Diseases of the Large Intestine
Diseases and abnormalities of the large intestine are far too numerous to be described in one paper; I shall discuss, therefore, only the more common conditions that may be encountered in the routine examination of the gastro-intestinal tract.
The normal contour and position of the colon, as well as many of the abnormal positions that it may assume, are familiar to all physicians. It may not be so well known, however, that a transverse colon that crosses the upper part of the abdomen is more or less rare. In the majority of cases, one finds that the colon falls well below the umbilicus, and it is not unusual to find a transverse colon with its midpoint below the urinary bladder.

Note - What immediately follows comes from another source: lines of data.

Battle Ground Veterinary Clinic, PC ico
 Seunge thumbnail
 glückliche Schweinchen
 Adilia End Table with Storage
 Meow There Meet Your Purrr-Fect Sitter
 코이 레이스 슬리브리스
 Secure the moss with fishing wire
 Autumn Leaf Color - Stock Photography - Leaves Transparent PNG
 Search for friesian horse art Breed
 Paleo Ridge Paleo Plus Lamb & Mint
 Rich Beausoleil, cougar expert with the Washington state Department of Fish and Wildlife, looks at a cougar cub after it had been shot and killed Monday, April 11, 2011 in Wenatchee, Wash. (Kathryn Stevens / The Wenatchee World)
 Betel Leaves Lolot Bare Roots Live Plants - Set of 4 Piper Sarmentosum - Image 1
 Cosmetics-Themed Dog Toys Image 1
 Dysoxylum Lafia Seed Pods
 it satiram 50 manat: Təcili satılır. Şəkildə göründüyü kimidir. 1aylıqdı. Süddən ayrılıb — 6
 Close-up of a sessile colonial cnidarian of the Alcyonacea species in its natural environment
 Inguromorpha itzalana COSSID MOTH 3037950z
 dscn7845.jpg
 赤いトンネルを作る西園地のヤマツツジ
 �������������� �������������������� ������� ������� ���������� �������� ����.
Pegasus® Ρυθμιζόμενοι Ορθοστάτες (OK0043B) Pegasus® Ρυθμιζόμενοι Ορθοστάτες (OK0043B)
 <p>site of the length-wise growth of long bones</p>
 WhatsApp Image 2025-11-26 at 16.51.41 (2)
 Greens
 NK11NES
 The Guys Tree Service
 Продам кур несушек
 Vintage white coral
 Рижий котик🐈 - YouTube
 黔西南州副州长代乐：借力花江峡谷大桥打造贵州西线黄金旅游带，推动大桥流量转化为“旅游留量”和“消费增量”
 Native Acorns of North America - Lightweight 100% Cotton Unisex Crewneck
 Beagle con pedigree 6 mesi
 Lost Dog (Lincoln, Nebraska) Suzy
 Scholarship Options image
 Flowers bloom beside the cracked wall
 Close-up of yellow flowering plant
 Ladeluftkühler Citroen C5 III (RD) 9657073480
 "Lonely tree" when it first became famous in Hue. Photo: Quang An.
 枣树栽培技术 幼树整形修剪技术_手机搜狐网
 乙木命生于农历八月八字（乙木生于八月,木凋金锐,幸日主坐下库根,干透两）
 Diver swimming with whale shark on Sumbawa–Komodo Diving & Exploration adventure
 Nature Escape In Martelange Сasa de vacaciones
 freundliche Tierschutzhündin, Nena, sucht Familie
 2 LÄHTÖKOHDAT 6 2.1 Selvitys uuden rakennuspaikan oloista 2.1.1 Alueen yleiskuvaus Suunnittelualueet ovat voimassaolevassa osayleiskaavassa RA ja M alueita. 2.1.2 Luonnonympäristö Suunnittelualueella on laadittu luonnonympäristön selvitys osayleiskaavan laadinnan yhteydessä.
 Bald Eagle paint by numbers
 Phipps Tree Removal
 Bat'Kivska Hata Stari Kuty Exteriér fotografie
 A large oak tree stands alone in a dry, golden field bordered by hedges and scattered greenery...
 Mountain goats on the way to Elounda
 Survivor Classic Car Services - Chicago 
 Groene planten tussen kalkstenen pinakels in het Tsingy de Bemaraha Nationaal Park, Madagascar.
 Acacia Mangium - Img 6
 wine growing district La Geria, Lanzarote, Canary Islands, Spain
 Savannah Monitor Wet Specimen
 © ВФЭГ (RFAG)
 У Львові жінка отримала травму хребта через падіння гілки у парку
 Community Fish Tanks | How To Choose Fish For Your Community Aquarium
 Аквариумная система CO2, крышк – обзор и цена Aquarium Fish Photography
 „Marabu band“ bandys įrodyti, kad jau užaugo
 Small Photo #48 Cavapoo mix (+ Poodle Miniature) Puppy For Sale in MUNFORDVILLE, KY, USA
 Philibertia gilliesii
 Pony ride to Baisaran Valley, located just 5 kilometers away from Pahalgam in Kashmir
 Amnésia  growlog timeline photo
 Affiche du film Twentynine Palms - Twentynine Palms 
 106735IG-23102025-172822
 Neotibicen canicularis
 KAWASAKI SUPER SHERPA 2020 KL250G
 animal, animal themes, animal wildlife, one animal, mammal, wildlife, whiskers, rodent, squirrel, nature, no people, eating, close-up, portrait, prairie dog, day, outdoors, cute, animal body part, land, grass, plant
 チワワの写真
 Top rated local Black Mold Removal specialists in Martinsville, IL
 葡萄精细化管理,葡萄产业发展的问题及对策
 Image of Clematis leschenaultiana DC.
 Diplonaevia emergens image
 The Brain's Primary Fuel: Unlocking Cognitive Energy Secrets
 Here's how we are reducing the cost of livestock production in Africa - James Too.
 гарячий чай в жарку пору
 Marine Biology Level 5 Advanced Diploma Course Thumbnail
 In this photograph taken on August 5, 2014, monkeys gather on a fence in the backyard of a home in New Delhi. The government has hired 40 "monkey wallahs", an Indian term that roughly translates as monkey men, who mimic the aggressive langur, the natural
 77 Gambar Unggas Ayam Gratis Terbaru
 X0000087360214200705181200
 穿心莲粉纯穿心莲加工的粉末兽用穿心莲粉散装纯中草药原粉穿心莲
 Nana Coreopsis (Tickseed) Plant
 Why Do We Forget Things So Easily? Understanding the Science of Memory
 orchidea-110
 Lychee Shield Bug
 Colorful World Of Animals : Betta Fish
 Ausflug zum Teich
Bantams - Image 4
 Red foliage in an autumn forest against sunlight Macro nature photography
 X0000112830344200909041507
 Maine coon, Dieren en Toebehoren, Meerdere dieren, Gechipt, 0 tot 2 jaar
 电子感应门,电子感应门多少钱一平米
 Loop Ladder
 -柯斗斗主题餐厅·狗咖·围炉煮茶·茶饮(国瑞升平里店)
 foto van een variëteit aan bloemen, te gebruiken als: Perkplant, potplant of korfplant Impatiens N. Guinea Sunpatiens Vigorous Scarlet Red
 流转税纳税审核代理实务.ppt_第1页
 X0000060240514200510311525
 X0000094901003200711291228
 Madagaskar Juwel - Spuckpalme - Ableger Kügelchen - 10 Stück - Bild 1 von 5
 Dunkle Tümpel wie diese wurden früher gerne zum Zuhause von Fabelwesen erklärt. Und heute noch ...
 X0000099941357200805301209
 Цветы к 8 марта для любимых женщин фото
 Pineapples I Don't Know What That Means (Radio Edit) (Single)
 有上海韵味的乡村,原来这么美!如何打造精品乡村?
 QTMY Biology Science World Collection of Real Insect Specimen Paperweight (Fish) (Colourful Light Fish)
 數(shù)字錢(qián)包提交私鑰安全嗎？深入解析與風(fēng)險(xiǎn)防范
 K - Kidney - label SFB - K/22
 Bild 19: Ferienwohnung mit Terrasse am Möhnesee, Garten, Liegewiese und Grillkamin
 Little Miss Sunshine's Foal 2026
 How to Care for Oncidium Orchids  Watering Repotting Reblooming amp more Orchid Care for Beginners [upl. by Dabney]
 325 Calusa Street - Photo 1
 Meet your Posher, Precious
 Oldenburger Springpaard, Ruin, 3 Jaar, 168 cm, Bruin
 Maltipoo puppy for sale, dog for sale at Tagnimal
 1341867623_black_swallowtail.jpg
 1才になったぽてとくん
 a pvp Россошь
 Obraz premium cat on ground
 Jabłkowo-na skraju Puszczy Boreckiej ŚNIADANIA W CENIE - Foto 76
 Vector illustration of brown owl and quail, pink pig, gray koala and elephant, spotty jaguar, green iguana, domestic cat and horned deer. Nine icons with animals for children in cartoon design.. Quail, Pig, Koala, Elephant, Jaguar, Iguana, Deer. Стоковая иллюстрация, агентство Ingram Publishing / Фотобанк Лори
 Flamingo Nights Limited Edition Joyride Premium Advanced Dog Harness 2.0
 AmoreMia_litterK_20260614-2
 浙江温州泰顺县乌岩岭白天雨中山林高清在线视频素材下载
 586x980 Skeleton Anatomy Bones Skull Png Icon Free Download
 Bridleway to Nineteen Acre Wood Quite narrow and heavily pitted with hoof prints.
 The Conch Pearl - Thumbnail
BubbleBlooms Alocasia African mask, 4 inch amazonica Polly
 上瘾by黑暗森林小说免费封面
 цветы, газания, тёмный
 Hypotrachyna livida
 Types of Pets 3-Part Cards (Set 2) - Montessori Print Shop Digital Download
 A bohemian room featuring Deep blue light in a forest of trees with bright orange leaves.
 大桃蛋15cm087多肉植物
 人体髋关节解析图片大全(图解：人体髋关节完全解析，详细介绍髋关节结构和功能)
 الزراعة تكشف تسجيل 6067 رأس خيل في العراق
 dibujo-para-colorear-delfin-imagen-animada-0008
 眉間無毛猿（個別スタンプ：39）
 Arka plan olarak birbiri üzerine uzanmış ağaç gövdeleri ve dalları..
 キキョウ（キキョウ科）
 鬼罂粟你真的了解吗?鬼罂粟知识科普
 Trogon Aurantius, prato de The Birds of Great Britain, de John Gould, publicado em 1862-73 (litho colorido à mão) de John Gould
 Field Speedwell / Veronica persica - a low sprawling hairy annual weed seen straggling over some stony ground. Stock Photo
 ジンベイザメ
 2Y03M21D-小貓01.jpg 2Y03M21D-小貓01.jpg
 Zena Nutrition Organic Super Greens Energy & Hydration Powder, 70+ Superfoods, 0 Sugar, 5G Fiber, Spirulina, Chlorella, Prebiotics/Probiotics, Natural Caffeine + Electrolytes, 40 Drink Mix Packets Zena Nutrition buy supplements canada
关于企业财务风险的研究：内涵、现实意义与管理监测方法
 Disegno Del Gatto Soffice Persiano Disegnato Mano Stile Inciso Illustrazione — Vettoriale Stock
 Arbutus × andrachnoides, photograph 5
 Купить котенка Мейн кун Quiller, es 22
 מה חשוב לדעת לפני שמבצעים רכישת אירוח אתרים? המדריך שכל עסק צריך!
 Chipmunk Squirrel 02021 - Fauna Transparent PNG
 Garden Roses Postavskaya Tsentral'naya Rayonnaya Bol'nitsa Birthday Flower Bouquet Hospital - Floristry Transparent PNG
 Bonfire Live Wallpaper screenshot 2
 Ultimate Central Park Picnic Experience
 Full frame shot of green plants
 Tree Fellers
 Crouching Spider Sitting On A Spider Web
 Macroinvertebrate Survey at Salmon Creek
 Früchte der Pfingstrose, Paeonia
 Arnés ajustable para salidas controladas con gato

In many cases the rotation of the colon is incomplete; frequently the embryonic stage is not fully resolved. The normal sigmoid flexure is generally from 16 to 17 inches long (40.6 to 43.1 cm.), but this length may vary, a redundant sigmoid sometimes being several feet in length. Doubtless some cases of obstipation are due entirely to this redundancy. The dilated colon, also, is often a source of difficulty. At the present time, extensive work is being done in an effort to prove that, in some cases at least, colonic stasis is directly responsible for arthritis, stasis being apt to occur, of course, when the colon is dilated, spastic or redundant. The intestinal activity is accelerated in the presence of hyperthyroidism, and diarrhea may be expected to occur; conversely,. . .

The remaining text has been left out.